The Relationship between Time and Structure

The two forms of legal time (and perhaps there are sometimes more), the inaugural, dogmatic, foundational time of the legal institutions and the historical or chronological time of history and legal history are the two layers that provide a legal genealogy, a mythological time, and stage-manage the emblematic legal institutions and historic reference points of the law (Legendre 1988, pp. 119, 124). Historical time may sometimes appear conditional upon inaugural, structural time, which emphasises the foundational purpose of structural time. But in fact, historical time generates structural, institutional time, being the result of telescoping or concentration that creates a concept of ‘time immemorial’, a distant, seemingly static past that never existed. However, this non-existence has often been covered up by an emblem or image (and truly pictorially particularly in the Early Modern period) that confers on that actual void the impression of legitimacy (Goodrich 2013, pp. 50, 89–97).

This complicated construct also reflects the problem the law has with time in general, both in relation to its own nature and in relation to the recognition of time-bound phenomena. As far as its own nature is concerned, law is on the one hand meant to be permanent, immutable and eternal that provides it with its authority. This dogmatic and emblematic time—a paradox of metamorphosing in time forever and simultaneously not changing at all—provides the structure of the law and its institutions. The principle of stare decisis reflects this idea: the law as it always was (‘inaugural time’) is found for, and applied to, the present case. On the other hand, this line of precedents is nothing but a line of decisions which constitute developments and changes of the law (‘chronological time’). The chronological aspect of legal time also nurtures the potentially subversive quality of legal history. Doctrinal law is dogmatic, seemingly permanent and eternal, which also invited the creation of a religious ‘divine law’, but legal history is a diachronic discussion of law instead: there were different legal rules in the past, and the present one is not the result of a well-meaning and wise, divine or rational lawgiver but the outcome of haphazard historical developments and accidents. Comparative law, equally subversive, is the synchronic discussion of the laws in the world, thus less strongly relating to (chronological) time. However, both legal history and comparative law undermine the fixed perpetual appearance of law and its normative power (Rahmatian 2013, p. 429).

When it comes to the recognition of time-bound phenomena by the law, the struggle of the law to protect works of music by copyright, a property right, is an instructive example. Music is fashioned time only, an art form that has no spatial elements, while copyright is a static property right. To capture the fleeting art form of music, law resorts to several devices to which it attaches property protection (musical score, recordings etc.) which are not the music itself but serve as representatives of the music (or, in law, the ‘musical work’) that enable the protection mechanism to function (Rahmatian 2015, pp. 88–91). If law were as fleeting as music and were able to follow the flow of time, it would undermine its authority it derives from its stability.

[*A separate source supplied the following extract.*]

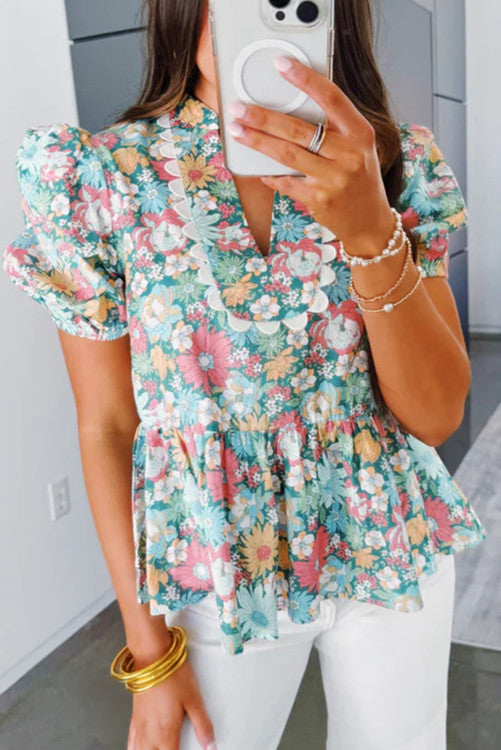 Floral Blouse (Preorder)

Copyright is much more suitable for the protection of the static visual arts which have a problem with the depiction of time themselves. There are, however, a few works that make movement and time the topic of a graphical representation, for example, Marcel Duchamp’s Nu descendant un éscalier No. 2 (1912), or René Magritte’s La Durée poignardée (1938) that Legendre mentions. It is the arts which are able to show us the structures that exercise a mythological function of time (Legendre 1988, pp. 124–125).